# Assigned task
In the data below, find every line with the word "фото" and copy it.

*** Opening of Material provided ***

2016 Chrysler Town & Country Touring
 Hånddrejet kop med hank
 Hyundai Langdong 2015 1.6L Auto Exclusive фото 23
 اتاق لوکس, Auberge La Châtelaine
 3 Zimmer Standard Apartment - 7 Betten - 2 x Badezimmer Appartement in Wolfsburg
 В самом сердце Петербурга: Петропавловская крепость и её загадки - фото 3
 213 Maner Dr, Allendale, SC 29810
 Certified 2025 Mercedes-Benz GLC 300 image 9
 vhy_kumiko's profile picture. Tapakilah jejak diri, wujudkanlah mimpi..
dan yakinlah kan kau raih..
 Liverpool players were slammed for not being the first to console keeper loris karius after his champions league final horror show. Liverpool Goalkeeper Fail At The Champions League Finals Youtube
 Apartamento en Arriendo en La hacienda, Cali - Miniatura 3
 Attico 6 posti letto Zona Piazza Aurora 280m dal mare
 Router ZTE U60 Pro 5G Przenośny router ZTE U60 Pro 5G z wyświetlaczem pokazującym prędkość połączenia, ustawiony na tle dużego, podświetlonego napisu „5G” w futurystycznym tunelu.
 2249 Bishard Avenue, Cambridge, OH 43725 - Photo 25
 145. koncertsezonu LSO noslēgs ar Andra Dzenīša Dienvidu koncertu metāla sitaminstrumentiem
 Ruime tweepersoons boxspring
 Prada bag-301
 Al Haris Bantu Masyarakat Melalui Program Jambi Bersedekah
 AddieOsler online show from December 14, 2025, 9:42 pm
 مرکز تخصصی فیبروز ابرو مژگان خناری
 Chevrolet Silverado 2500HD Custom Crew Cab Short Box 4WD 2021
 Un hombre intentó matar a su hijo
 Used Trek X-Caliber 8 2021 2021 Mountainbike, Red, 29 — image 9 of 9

*** Close of Material provided ***

# Reply
 Hyundai Langdong 2015 1.6L Auto Exclusive фото 23
 В самом сердце Петербурга: Петропавловская крепость и её загадки - фото 3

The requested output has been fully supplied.